Stored records.
+++++
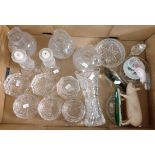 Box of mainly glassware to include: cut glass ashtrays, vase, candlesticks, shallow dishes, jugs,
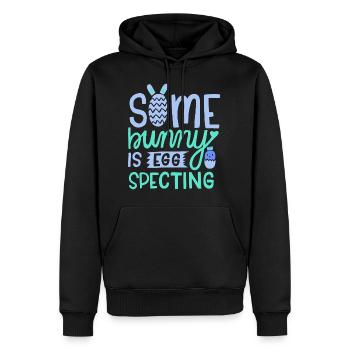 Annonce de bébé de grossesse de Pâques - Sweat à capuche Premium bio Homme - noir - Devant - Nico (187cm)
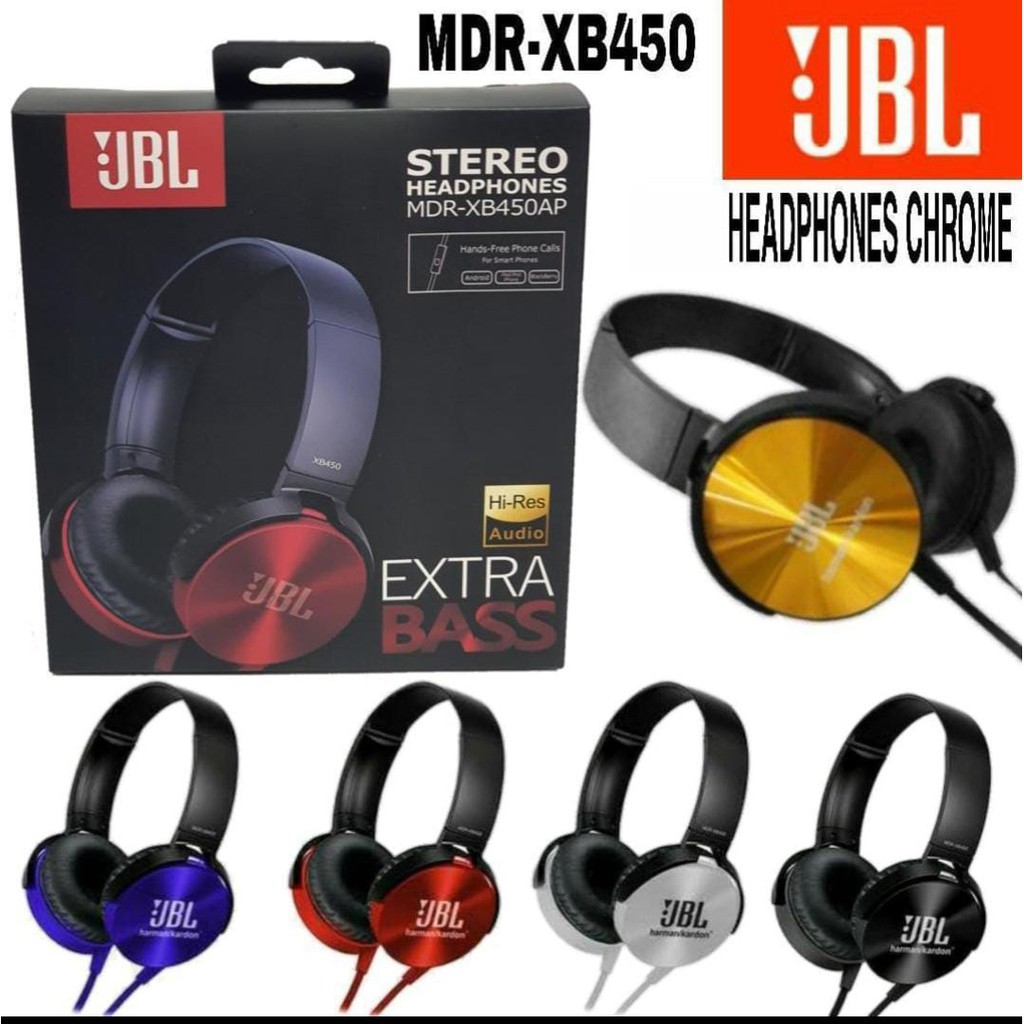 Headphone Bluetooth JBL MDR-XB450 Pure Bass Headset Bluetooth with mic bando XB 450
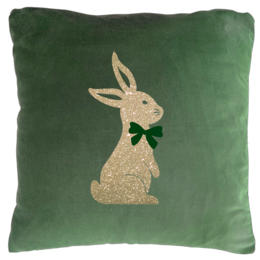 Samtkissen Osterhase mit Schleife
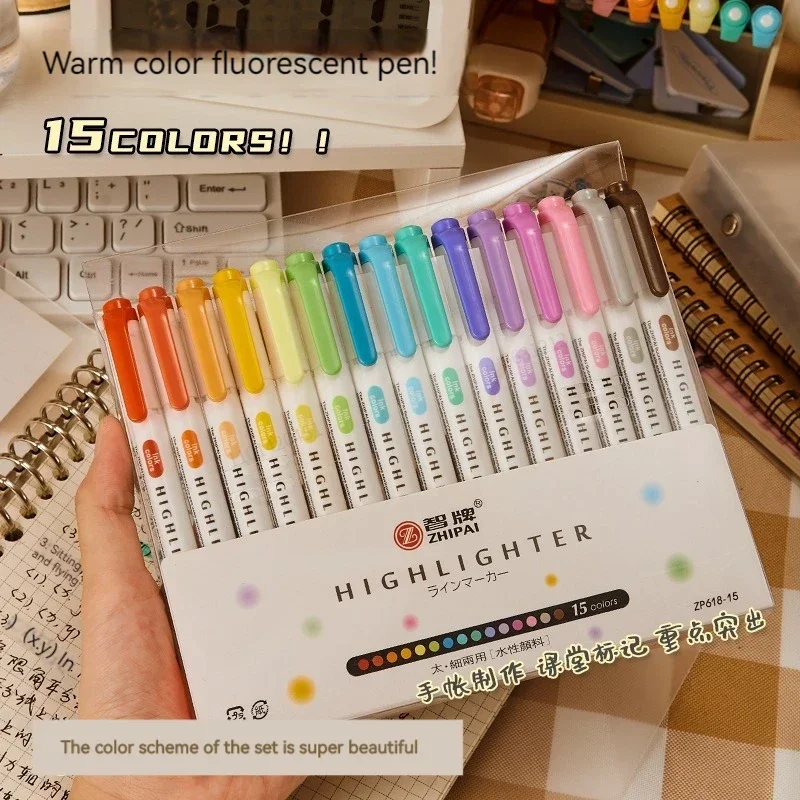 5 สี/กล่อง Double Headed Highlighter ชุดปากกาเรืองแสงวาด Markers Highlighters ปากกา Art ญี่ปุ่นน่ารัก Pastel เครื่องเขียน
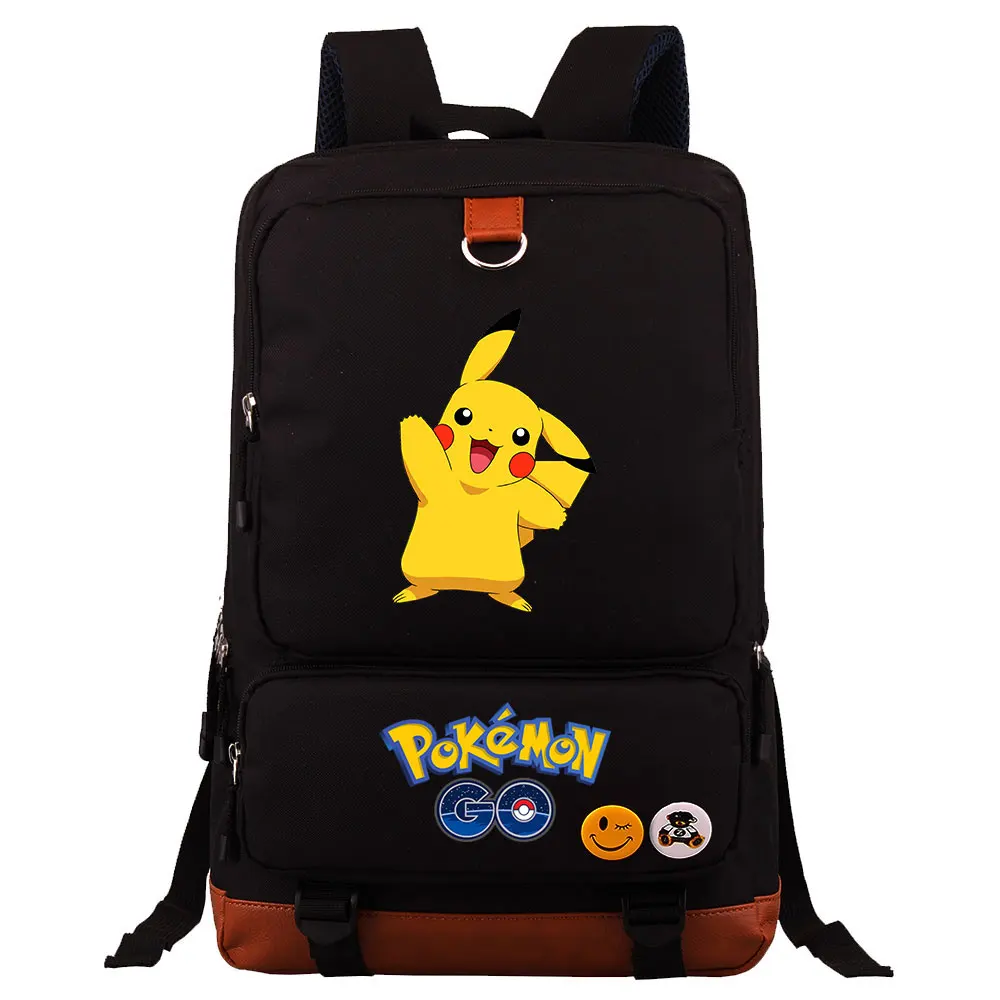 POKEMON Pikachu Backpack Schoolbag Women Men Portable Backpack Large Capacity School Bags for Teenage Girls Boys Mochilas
+++++
THE TASK. Every line from the one containing "Samtkissen Osterhase mit Schleife" through the final line of the records above is to be written out exactly; nothing else, and no pictures.

WRITTEN RESPONSE.
 Samtkissen Osterhase mit Schleife
 5 สี/กล่อง Double Headed Highlighter ชุดปากกาเรืองแสงวาด Markers Highlighters ปากกา Art ญี่ปุ่นน่ารัก Pastel เครื่องเขียน
 POKEMON Pikachu Backpack Schoolbag Women Men Portable Backpack Large Capacity School Bags for Teenage Girls Boys Mochilas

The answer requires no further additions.